In the scientific field, constraint-based programming is used, for example, in the processing of natural language, in machine-aided proof , in the analysis of programs and in molecular biology . In industrial practice, typical applications are optimization problems and scheduling tasks, circuit design and verification, graphic systems and user interfaces .

literature

  • Frédéric Benhamou, Narendra Jussien, Barry O'Sullivan: Trends in constraint programming. John Wiley and Sons: London / Newport Beach, 2007.
  • Thom Frühwirth, Slim Abdennadher: Constraint Programming: Fundamentals and Applications.
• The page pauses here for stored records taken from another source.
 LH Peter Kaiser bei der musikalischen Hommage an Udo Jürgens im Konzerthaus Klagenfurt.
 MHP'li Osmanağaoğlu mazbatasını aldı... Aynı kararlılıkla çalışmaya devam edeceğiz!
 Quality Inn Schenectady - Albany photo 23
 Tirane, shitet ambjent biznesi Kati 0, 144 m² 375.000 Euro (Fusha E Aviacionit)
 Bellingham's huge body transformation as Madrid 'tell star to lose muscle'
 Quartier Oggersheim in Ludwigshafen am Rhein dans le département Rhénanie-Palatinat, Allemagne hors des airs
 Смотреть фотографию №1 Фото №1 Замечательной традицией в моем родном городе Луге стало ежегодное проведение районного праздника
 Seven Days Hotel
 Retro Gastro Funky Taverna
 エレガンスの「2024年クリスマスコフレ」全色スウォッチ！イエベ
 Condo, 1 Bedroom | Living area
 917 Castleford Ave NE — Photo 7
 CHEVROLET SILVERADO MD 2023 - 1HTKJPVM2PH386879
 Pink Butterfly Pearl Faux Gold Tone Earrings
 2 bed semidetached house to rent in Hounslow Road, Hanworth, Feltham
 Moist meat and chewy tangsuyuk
Springer-Verlag: Berlin / Heidelberg, 1997, ISBN 3-540-60670-X
  • Petra Hofstedt, Armin Wolf: Introduction to Constraint Programming. (Springer eXamen-press) Springer-Verlag: Berlin / Heidelberg, 2007, ISBN 978-3-540-23184-4
  • Francesca Rossi, Peter van Beek, Toby Walsh (Eds.): Handbook of Constraint Programming. Elsevier: Amsterdam et al., 2006.

Web links

Individual evidence

  1. Eugene C. Freuder: In Pursuit of the Holy Grail. In: Constraints 2 (1), 1997, pp. 57-61; Petra Hofstedt: Chapter Constraints. In: Günther Görz, Josef Schneeberger, Ute Schmid (eds.): Handbook of Artificial Intelligence. 5th revised and updated edition. Oldenbourg Verlag: München, 2014, p. 206.
  2. ^ Hofstedt, Wolf: Introduction to Constraint Programming. 2007, pp. 51-52.
  3. Petra Hofstedt: Chapter Constraints. In: Günther Görz, Josef Schneeberger, Ute Schmid (eds.): Handbook of Artificial Intelligence. 5th revised and updated edition. Oldenbourg Verlag: München, 2014, p. 205.
  4. ^ Hofstedt, Wolf: Introduction to Constraint Programming. 2007, p. 58.
  5. ^ Hofstedt, Wolf: Introduction to Constraint Programming. 2007, p. 60.
  6. For a formal definition of constraints see Hofstedt, Wolf: Introduction to Constraint Programming. 2007, pp. 54-55.
  7. ^ Hofstedt, Wolf: Introduction to Constraint Programming. 2007, pp. 53-55.
  8. ^ Hofstedt, Wolf: Introduction to Constraint Programming. 2007, p. 177.
  9. ^ Hofstedt, Wolf: Introduction to Constraint Programming. 2007, pp. 57, 71.
  10. Petra Hofstedt: Chapter Constraints. In: Günther Görz, Josef Schneeberger, Ute Schmid (eds.): Handbook of Artificial Intelligence. 5th revised and updated edition. Oldenbourg Verlag: München, 2014, p. 220.
  11. ^ Hofstedt, Wolf: Introduction to Constraint Programming. 2007, SS 127-133.
  12. Petra Hofstedt: Chapter Constraints. In: Günther Görz, Josef Schneeberger, Ute Schmid (eds.): Handbook of Artificial Intelligence. 5th revised and updated edition. Oldenbourg Verlag: München, 2014, p. 221.
  13. The Eclipse Constraint Programming System
  14. Coystec: CHIP V5
  15. SICStus: SICStus prologue
  16. ^ Hofstedt, Wolf: Introduction to Constraint Programming. 2007, SS 141-162.
  17. ^ Hofstedt, Wolf: Introduction to Constraint Programming. 2007, p. 185.
  18. catamorph.de: Turtle - a constraint-imperative programming language ( memento of the original from April 8, 2016 in the Internet Archive ) Info: The archive link was inserted automatically and has not yet been checked. Please check the original and archive link according to the instructions and then remove this notice. @1@ 2Template: Webachiv / IABot / catamorph.de
  19. ^ Hofstedt, Wolf: Introduction to Constraint Programming. 2007, pp. 185-192.
  20. ^ Hofstedt, Wolf: Introduction to Constraint Programming. 2007, pp. 199-215.
  21. ^ Gus Lopez, Bjorn Freeman-Benson, Alan Borning: Kaleidoscope: A Constraint Imperative Programming Language. In: Brian Mayoh, Enn Tyugu, Jaan Penjam: Constraint Programming. Springer-Verlag, pp. 313-329.
  22. Petra Hofstedt: Chapter Constraints. In: Günther Görz, Josef Schneeberger, Ute Schmid (eds.): Handbook of Artificial Intelligence. 5th revised and updated edition. Oldenbourg Verlag: München, 2014, p. 206.